What song is best for packing up your bags and leaving?
Pretty much anything from Frank Sinatra’s “hat years.” Or the Beach Boys. Something that is both memory and singalong that I know so well I don’t have to listen too hard.
What is the one living person you most admire, and why?
Sorry, I simply can’t do “one” and “most”. There are several, and then several more — for many different reasons. My lifelong best friend for her endless optimism. A professional colleague who may be the most authentic person I know. My youngest brother for the kind of father he is to his boys. Gloria Steinem and Hillary Clinton and other women leaders for standing up against a lifetime of criticism and frustration, yet never abandoning their own strength of the possibilities for other women. A dear friend who followed her dream to build a second home and support an extended family in Cambodia. Another dear friend who, though 10 years older than I am, and though still grieving her husband’s death, gets up every day to swim in summer and ski in winter, has a garden that would break your heart, tends to her grandchildren with joy, travels constantly to exotic cases, knocks on doors to campaign for progressive political candidates and never stops learning. A 5-year-old who was born at 1 pound-4 ounces, and has lived every minute since with no fear.
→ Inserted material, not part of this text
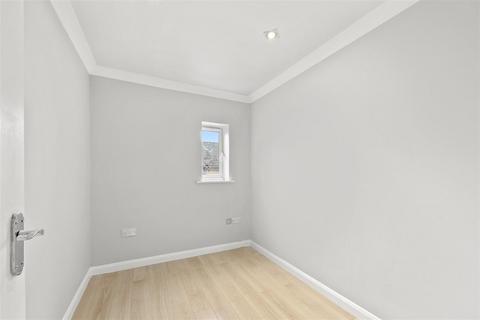 undefined, High Street, Epping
I could go on. As I said, there is no “one most”.
What’s at no. 3 on your bucket list?
I don’t keep a bucket list. I prefer to add things to my life that I want to do, rather than cross of those I’ve already done. And rather than prioritize and plan my adventures, I like to seize those that come along as a surprise. That said, I do want to stand on the coast of Scotland with my face turned to the north Atlantic wind, and figure out how to afford that mountain house in the north Cascades. I also want to indulge in a writing retreat — even if, when I get there, I don’t write.
What’s your favorite word?
This is another question I struggle to answer. I don’t have singular “favorites” in any part of my life I can think of. So I found myself riffing with anxiety through several words: Home. Thunderstorm. Moonshadow. Wolf. Winter. Epiphany. Bookshelf. Adventure. Calligraphy. Cotton. Window box…
I guess if I have to choose one, I’ll say: WONDER.
Who would you invite to your dream dinner party?
I’m going to assume the guests have to be living so…
Feminist activist Gloria Steinem. She is whip-smart and worldly and yet always focuses on other people.
Hillary Clinton, to see if we can help her relax and just be herself — a self I am told, by those who know her, is warm and open and wonderful. She must be tired and could probably use a night to just stand down and sip wine, without having to either be on message or be less smart than she really is.
Who would direct the movie of your life, and why?
I don’t know enough about movie directors to know individual styles. But NOT Woody Allen (too self-absorbed), NOT Quentin Tarantino (too gratuitously violent), NOT Robert Altman (too off-screen chaotic). Maybe Robert Redford. I like how patiently and deeply he seems to see his characters. Or, ideally, a woman director who knows how to portray women honestly and without the usual traps.